The Chinese consulate in Montreal and Chinese embassy in Ottawa could not be reached for comment.

Human rights organizations report that between one and two million Uighurs are being detained in so-called “re-education” camps in Xinjiang. There are also reports that families have been separated, and those not in camps live under constant surveillance, are forced to deny their faith, and must pledge allegiance to the Chinese Communist Party.

The Chinese regime claims the intent of its de-radicalization program is to crack down on extremists in the region, but human rights activists are calling it a “cultural genocide” and Turkey has openly called out China’s behaviour.

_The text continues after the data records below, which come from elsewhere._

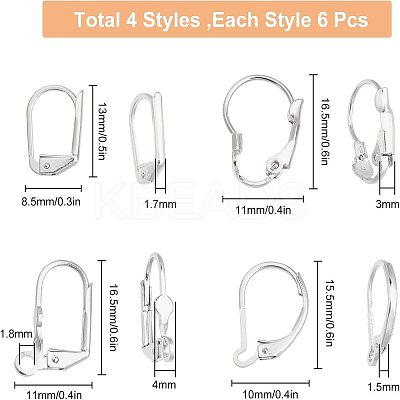 24Pcs 4 Styles Brass Leverback Earring Findings KK-SC0002-28S-1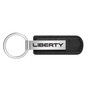 Jeep Liberty Silver Metal Black PU Leather Strap Key Chain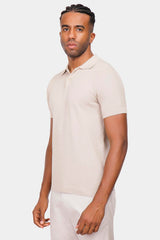 Beige Knitted Polo Shirt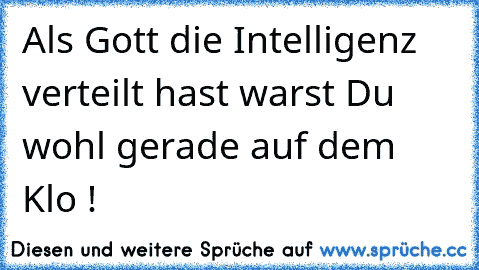 Als Gott die Intelligenz verteilt hast warst Du wohl gerade auf dem Klo !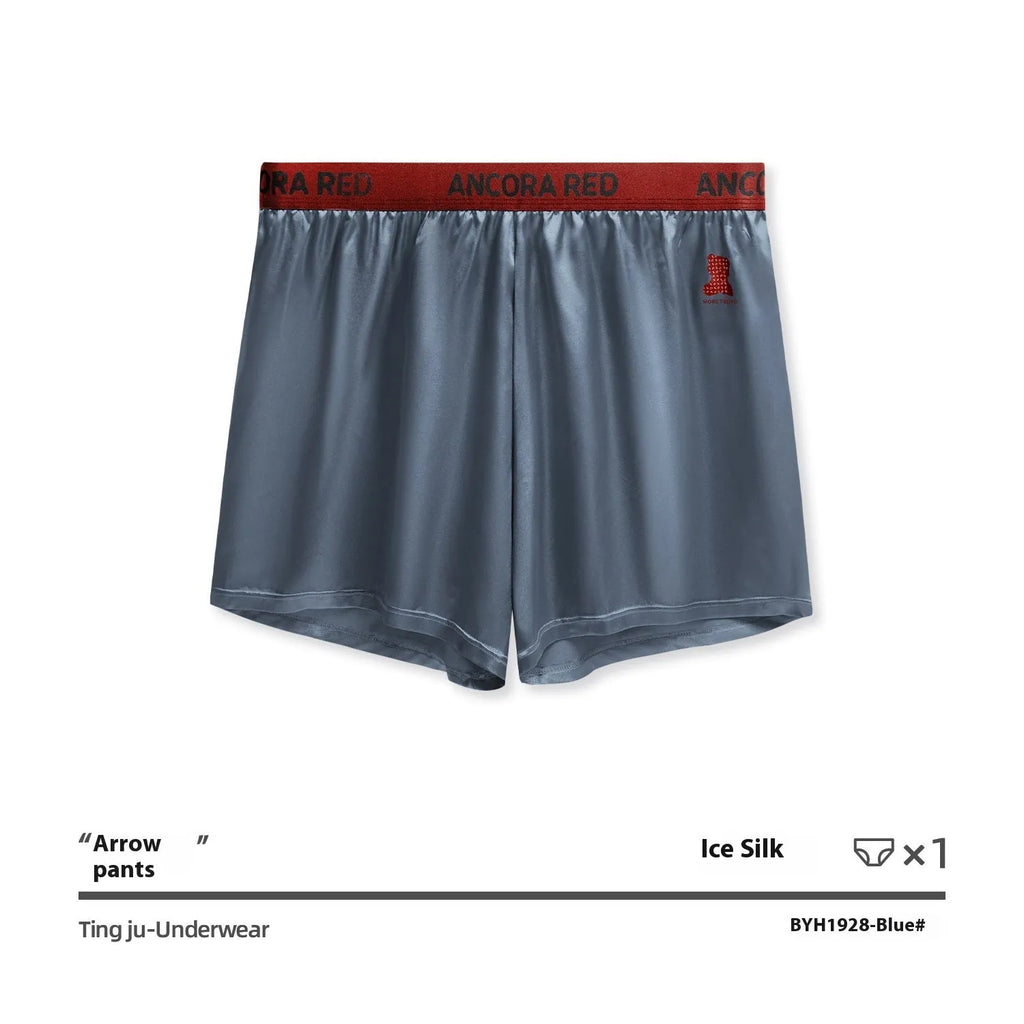 Solid colour men's boxer briefs in knitted polyester fabric showing mid waist design
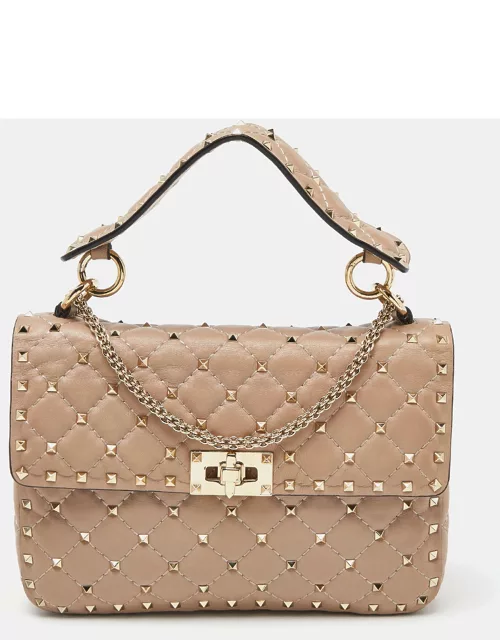 Valentino Pink Quilted Leather Medium Rockstud Spike Chain Top Handle Bag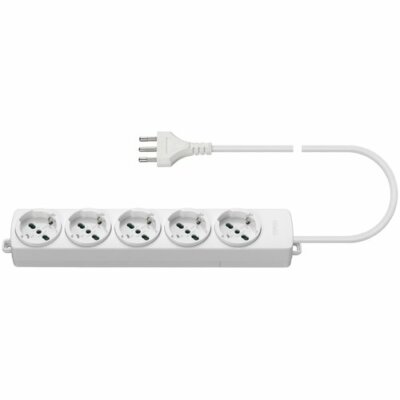 Vimar Universal Multi Plug Socket 5-Way With Cable White - 01294.CC.B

“It is no longer a secret that more than one million Uighur Turks incurring arbitrary arrests are subjected to torture and political brainwashing in internment camps and prisons,” said Hami Aksoy, spokesperson for the Turkish foreign ministry. “Uighurs who are not detained in these camps are under heavy pressure.”
In its 2017/2018 report on China, Amnesty International said that “repression conducted under ‘anti-separatism’ or ‘counter-terrorism’ campaigns remained particularly severe in the Xinjiang Uighur Autonomous Region and Tibetan-populated areas.”

Amnesty also said national security-related laws and regulations continued to be created to give authorities greater powers to silence dissent and censor information.

Two other incidents earlier this year also raised concerns over allegations China attempted to interfere with Ontario universities, though the Chinese embassy has denied involvement.

Rukiye Turdush, a Uighur activist, gave a speech earlier this month at McMaster University that was critical of the regime’s treatment of Uighurs. Her speech was interrupted by filming and shouting by Chinese students in what Turdush said was an attempt by the regime to suppress her message.

She said that according to WeChat messages, the students were instructed by someone, and believes it was someone from the Chinese consulate. However, she said she doesn’t have explicit proof.

In another instance, University of Toronto student Chemi Lhamo, 22, a Canadian citizen of Tibetan descent, received thousands of hate messages after being elected student-union president in February. According to the CBC, many of the messages, posted to her Instagram account, contained hateful, often anti-Tibet, rhetoric. Some were even threatening.

Toronto police are investigating whether some of the messages received by Lhamo constitute criminal threats, reports the Ottawa Citizen.

At the time, Lhamo wondered whether there was someone coordinating the harassment, though she said she had no proof that Chinese officials were involved in the backlash against her.